YOUR TASK:
Write the lines below out exactly, dropping each picture.

SUPPLIED DATA:
:::::
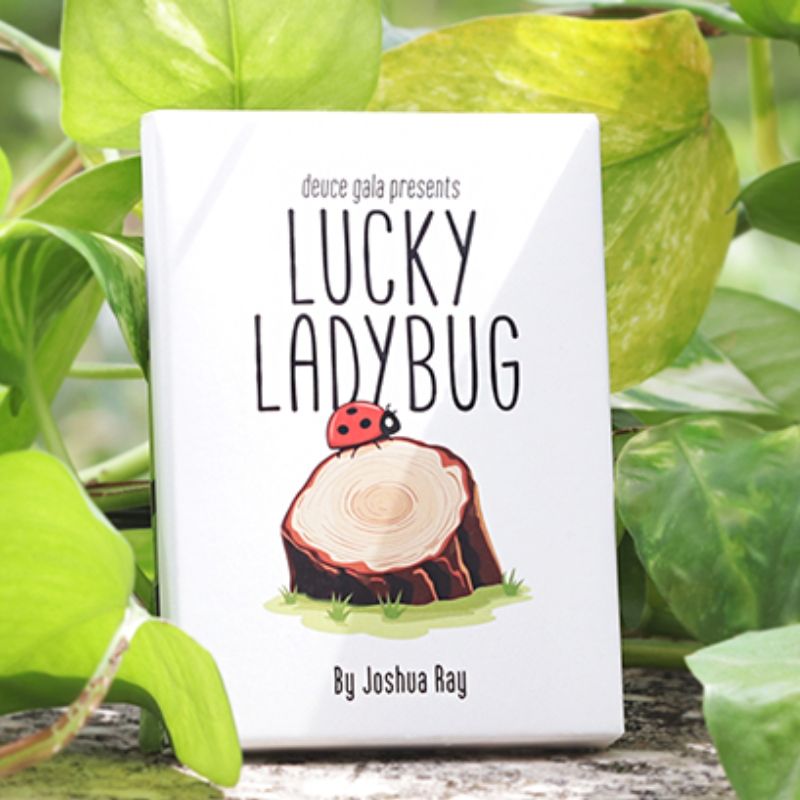 Lucky Ladybug  - Joshua Ray y Deuce Gala Magic 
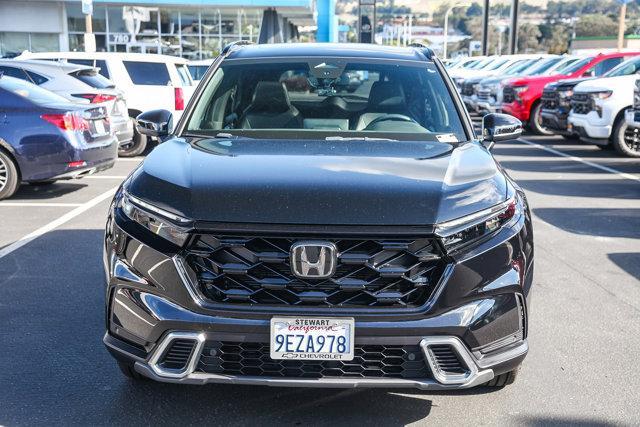 used 2023 Honda CR-V Hybrid car, priced at $34,500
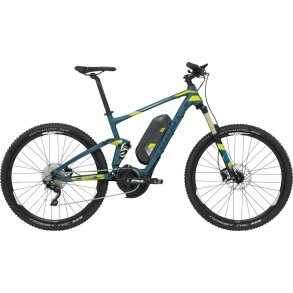 Giant Full E+ 2 H-Disc<BR> - 2016 El MTB cykel TILBUD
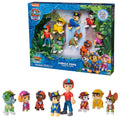 Paw Patrol Jungle Pups Figuren 8-Delig Default Title Paw Patrol Joy&Bloom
:::::
EXPECTED ANSWER:
 Lucky Ladybug  - Joshua Ray y Deuce Gala Magic 
 used 2023 Honda CR-V Hybrid car, priced at $34,500
 Giant Full E+ 2 H-Disc<BR> - 2016 El MTB cykel TILBUD
 Paw Patrol Jungle Pups Figuren 8-Delig Default Title Paw Patrol Joy&Bloom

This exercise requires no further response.